During tax season, we are bombarded with financial terms such as credits, offsets, deductions, qualifying dependents, and so on. It’s all too much. So before you dive into the deep end of the tax pool, consider the fundamentals, such as the distinction between a tax return and a tax refund.
The two terms sound very similar and are frequently confused; for example, someone may say that their “tax return” has been deposited in their bank account. However, a tax return and a tax refund are not the same things, and it’s critical to understand the distinction before beginning your taxes.
We’ll go over each term in detail below, as well as how to find out if you’re eligible for a refund this year. Also, keep in mind that the deadline for filing your taxes this year is April 18, 2022. Here’s how to check the status of your refund after you’ve filed your tax return.
Tax Return
A tax return is a form you file with the IRS every year that details your adjusted gross income (AGI), expenses, and other financial information.
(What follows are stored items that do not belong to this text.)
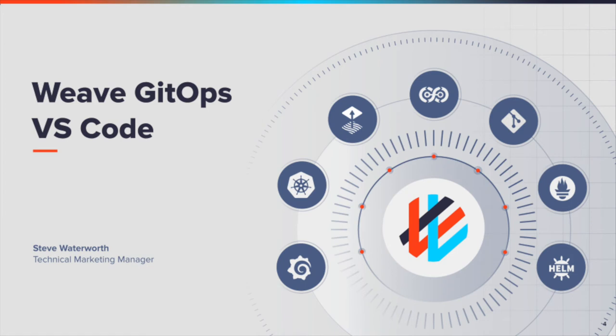Hello, I'm Steve Waterworth, Technical Marketing Manager at Weaveworks. In this presentation, I'll show you the Weave GitOps plugin for VS Code.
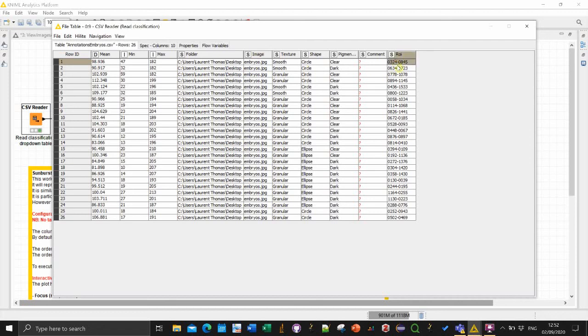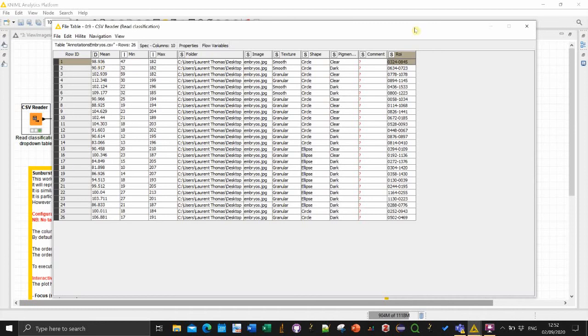You also have their ROI identifiers referring to the ImageJ ROI that we used to outline the individual embryos and also some measurement for the intensity. So for this embryo that was the average gray level, the minimum and the maximum gray level.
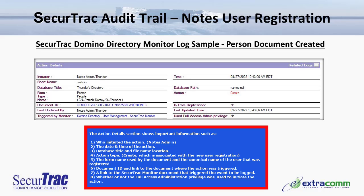Additional log details include: the form name used by the document and the canonical name of the user that was registered; the document ID and link to the document where the action was triggered from; a link to the SecureTrack monitor document that triggered the event to be logged; and whether or not the full access administration privilege was initiated and used during the user registration process — in this example, that is no.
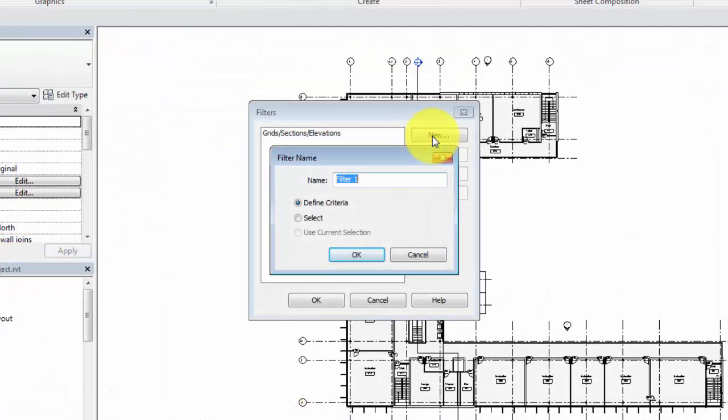You can also select elements before starting the filter command and use these elements as a selection set by choosing the Use Current option.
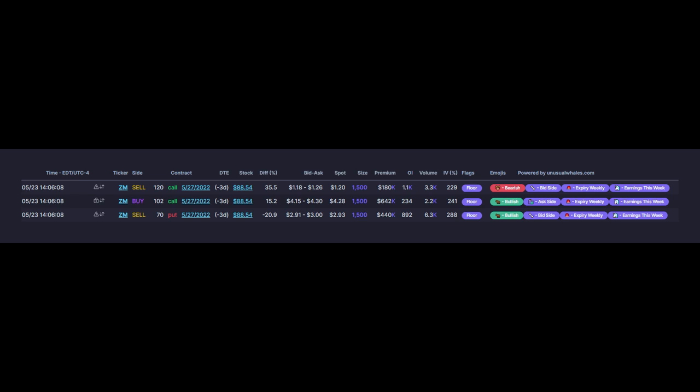With Zoom closing at 111.42, the sold puts expired worthless for a credit of 293 dollars a contract, and the call spread which was purchased at 308 closed at a value of 942. Do the math on that for 1500 contracts.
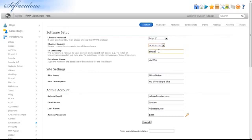In the Directory box, enter the name of a non-existent directory, or you may leave this box blank to install SilverStripe CMS directly to your domain. Enter your website's name, followed by a description of your website.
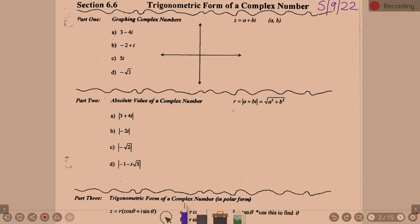Lesson 6-6, Trigonometric Form of a Complex Number. Part 1 and Part 2 are really Algebra 2 review, talking about complex numbers.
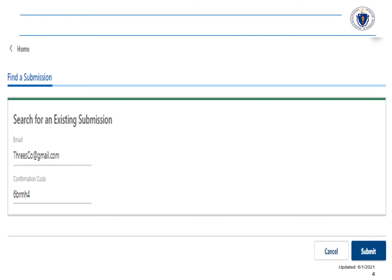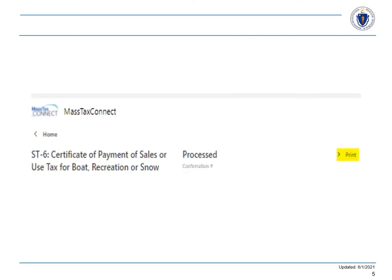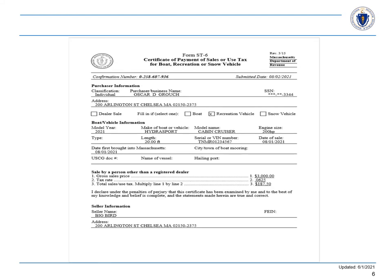Here we have entered our information. Click the print hyperlink and a PDF will follow so you may download the certificate. The certificate is shown here.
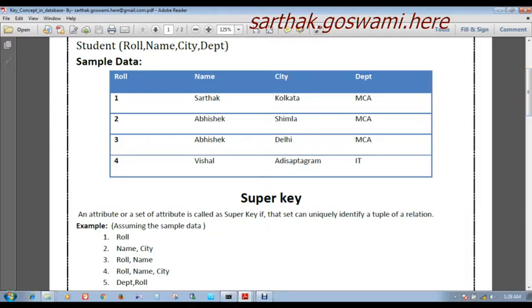First, what is a super key? An attribute or a set of attributes is called a super key if it can uniquely identify a tuple or row in a relation. We know that every row is called a tuple in database and relation means table. So if we take Roll Number 2, there will be a unique row whose name is Abhishek, city is similar, and department is MCA throughout the table.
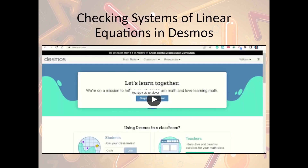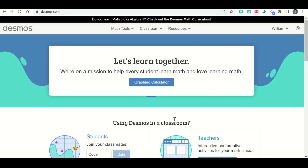There's a video here that shows you how to check systems of linear equations in Desmos, so go ahead and watch that.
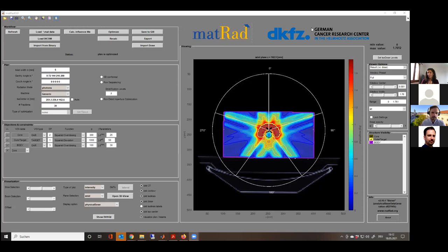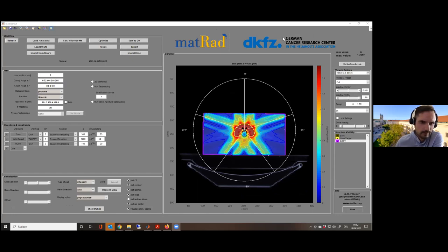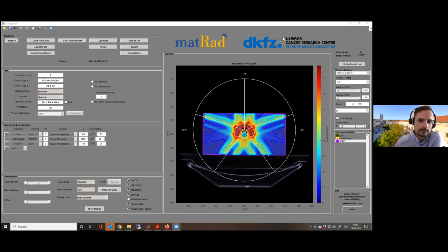Regarding the target dose value of 50 — yes, that's in Gy. 50 divided by the number of fractions gives the dose being optimized per fraction. For those running matRad on Mac: if you get an error that iPopt cannot be executed, go to System Preferences > Security & Privacy tab and allow the iPopt optimization function.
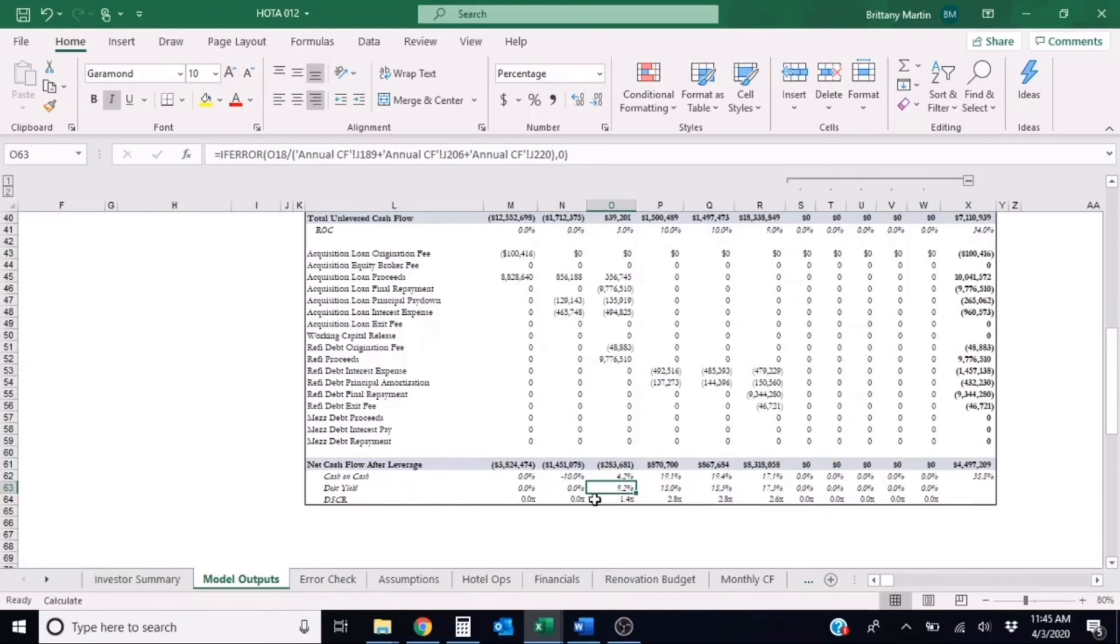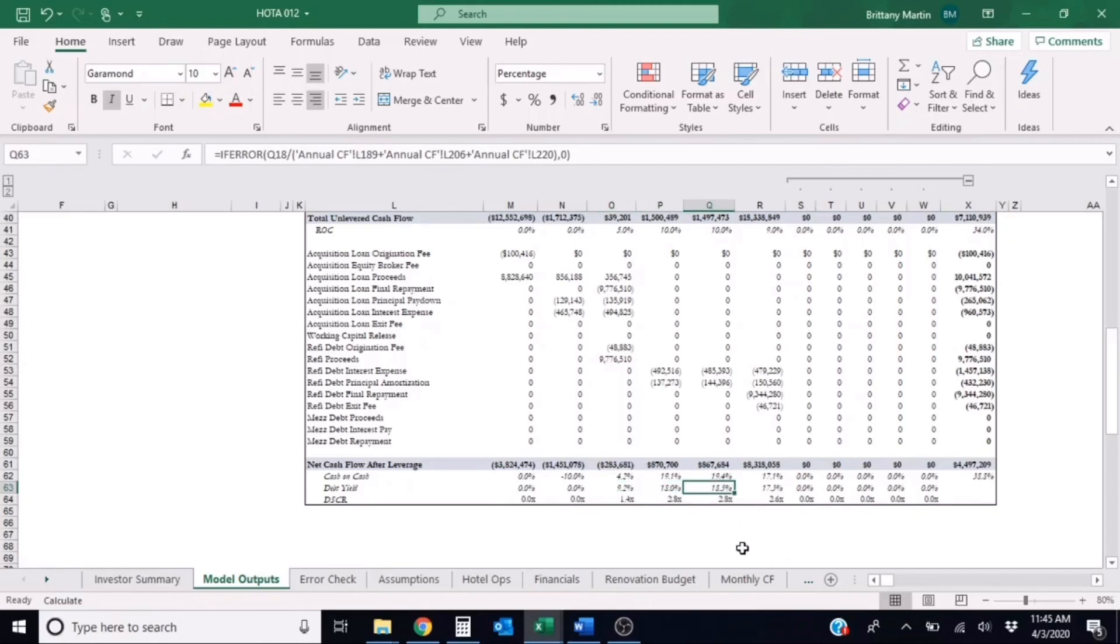Then we start getting some numbers flowing through since we do have NOI and we do have a loan amount. So we get up to a 9.2, an 18 percent, an 18.5 percent, and a 17.3 percent.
Most of these details come from your W-2 statement, which your employer provides you with weeks before filing your taxes. But you may also have a 1099 or another form for recording your income.
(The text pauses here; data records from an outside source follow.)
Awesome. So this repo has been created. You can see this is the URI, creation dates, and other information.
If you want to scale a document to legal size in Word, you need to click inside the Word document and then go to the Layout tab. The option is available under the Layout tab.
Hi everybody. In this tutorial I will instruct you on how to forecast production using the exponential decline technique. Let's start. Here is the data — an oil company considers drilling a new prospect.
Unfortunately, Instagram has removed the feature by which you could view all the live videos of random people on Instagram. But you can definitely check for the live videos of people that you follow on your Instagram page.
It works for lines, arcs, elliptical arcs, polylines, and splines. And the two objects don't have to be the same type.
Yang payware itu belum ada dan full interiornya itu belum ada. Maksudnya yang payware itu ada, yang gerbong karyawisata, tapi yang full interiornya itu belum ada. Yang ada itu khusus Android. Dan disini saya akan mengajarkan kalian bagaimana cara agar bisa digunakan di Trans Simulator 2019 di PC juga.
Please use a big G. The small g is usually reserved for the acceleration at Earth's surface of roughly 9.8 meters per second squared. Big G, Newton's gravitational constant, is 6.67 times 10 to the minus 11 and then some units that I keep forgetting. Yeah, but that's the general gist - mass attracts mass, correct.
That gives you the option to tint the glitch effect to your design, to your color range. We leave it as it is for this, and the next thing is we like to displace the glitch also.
According to CNET, your gross income will be reported on your tax return. How much you’ve already paid in taxes, as well as other crucial information you’ll need to file your taxes.
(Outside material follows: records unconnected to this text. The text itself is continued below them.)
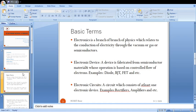We need to identify that whatever you studied in network analysis — resistors, capacitors, inductors — these three components belong to electrical components, not electronics. Whatever circuit you studied using resistors, capacitors, and inductors is called an electrical circuit, not an electronic circuit. An electronic device is fabricated from semiconductor material whose operation is based on controlled flow of electrons, and an electronic circuit is a circuit which consists of at least one electronic device.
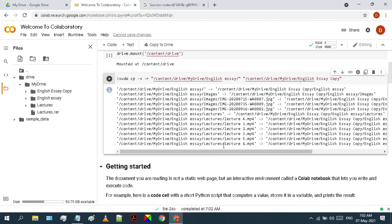Here we go. The process has been completed successfully. As you can see it took 5 minutes and 24 seconds to complete the process. Now let's check our google drive space first.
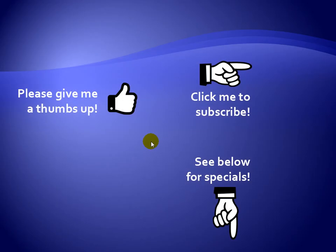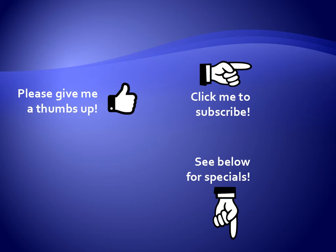Thanks for watching. Hey, as a quick reminder, if you like my video please give it a thumbs up. You can also click on me and subscribe to my channel to get notified of the latest videos, and for great specials on my products please see the description below this video.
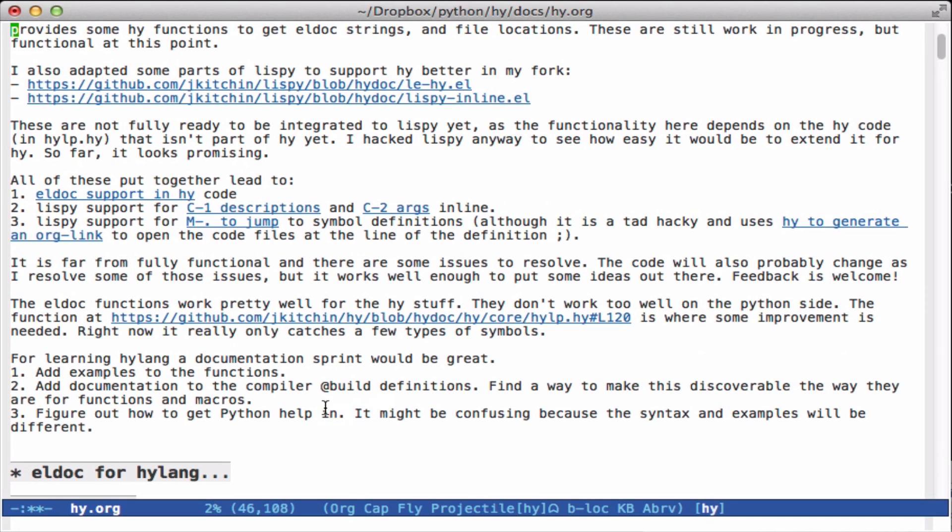It's still kind of outstanding to get Python documentation, for example, for list and any of the NumPy, SciPy things that are in there. It would be helpful to be able to access that while writing Hy code rather than switching some kind of mental context into something for Python.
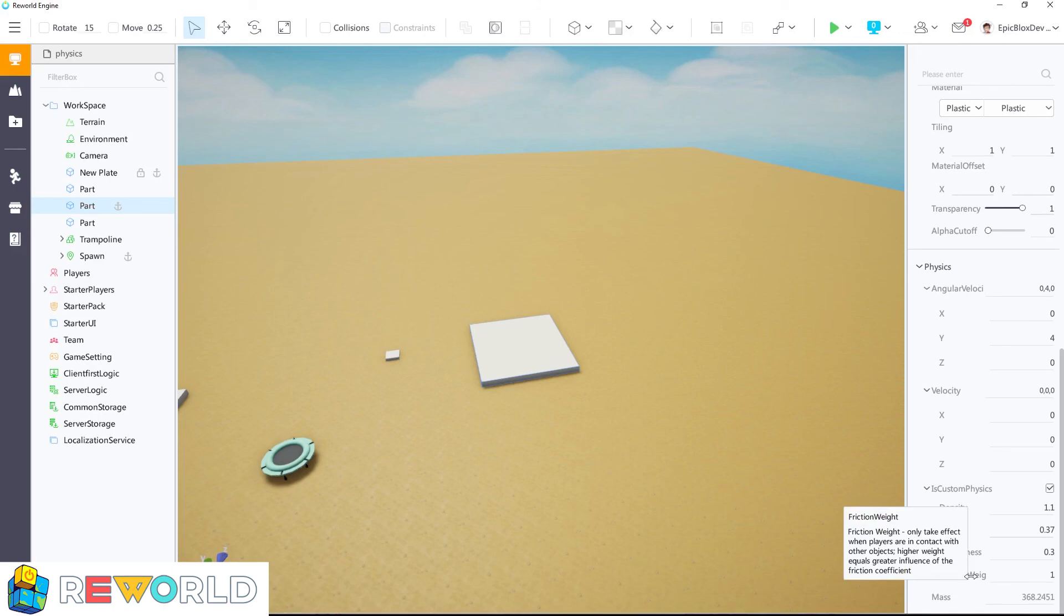That completes this parts physics tutorial. Thank you for watching this Re-World Engine tutorial. Stay tuned for more Re-World tutorials. See you in the next one.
On the other hand, the tax return will balance deductions for your children. As well as how much you paid in student loan interest and health care coverage. It includes Roth IRA contributions, home office expenses, business expenses, charitable donations, and other items.
You must file a tax return in order to receive a refund. However, simply filing a return does not ensure that you will receive a tax refund.
Tax Refund
A tax refund is what the US Treasury gives you if you paid more in state or federal taxes than you needed to the previous year. For example, if your employer withheld more money from your paycheck than was necessary, or if you’re self-employed, you may have overpaid quarterly estimated taxes.
The difference between what you paid and what you owed will be reimbursed or “returned” to you as a lump sum payment by the government; in other words, your tax return. Also, any tax deductions (as discussed above) can increase the amount you can expect to receive, MSN posted.